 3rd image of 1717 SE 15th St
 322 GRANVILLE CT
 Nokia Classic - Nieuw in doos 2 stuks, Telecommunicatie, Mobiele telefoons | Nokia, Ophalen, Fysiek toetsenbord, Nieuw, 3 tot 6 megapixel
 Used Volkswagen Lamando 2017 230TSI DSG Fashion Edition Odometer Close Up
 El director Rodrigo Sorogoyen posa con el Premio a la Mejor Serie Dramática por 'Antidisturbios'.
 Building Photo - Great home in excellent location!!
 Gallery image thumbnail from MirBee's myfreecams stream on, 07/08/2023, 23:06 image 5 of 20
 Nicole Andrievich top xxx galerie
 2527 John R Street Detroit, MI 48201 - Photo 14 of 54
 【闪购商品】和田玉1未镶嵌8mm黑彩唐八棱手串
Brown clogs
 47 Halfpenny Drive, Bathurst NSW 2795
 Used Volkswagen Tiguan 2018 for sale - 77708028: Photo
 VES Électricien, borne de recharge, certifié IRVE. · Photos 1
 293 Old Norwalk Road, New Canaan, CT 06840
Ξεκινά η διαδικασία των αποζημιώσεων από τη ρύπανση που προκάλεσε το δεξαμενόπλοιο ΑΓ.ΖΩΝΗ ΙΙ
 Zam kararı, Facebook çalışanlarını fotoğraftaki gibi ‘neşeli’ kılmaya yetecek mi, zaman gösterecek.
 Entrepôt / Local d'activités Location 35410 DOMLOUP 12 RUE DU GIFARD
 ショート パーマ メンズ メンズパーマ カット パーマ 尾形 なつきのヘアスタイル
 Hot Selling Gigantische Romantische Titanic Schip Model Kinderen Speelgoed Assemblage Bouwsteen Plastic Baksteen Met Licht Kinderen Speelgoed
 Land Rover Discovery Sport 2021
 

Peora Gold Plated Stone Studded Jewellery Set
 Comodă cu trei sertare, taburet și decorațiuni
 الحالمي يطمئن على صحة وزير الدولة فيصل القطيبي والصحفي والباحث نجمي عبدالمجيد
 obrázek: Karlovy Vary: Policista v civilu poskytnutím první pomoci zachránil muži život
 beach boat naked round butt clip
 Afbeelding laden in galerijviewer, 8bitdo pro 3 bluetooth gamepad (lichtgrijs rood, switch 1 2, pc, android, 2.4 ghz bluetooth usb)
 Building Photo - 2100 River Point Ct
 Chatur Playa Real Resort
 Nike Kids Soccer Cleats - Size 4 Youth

» **TO DO**
Which lines of the entries above contain the string "Volkswagen"? Copy each one.

» **TASK RESULT**
 Used Volkswagen Lamando 2017 230TSI DSG Fashion Edition Odometer Close Up
 Used Volkswagen Tiguan 2018 for sale - 77708028: Photo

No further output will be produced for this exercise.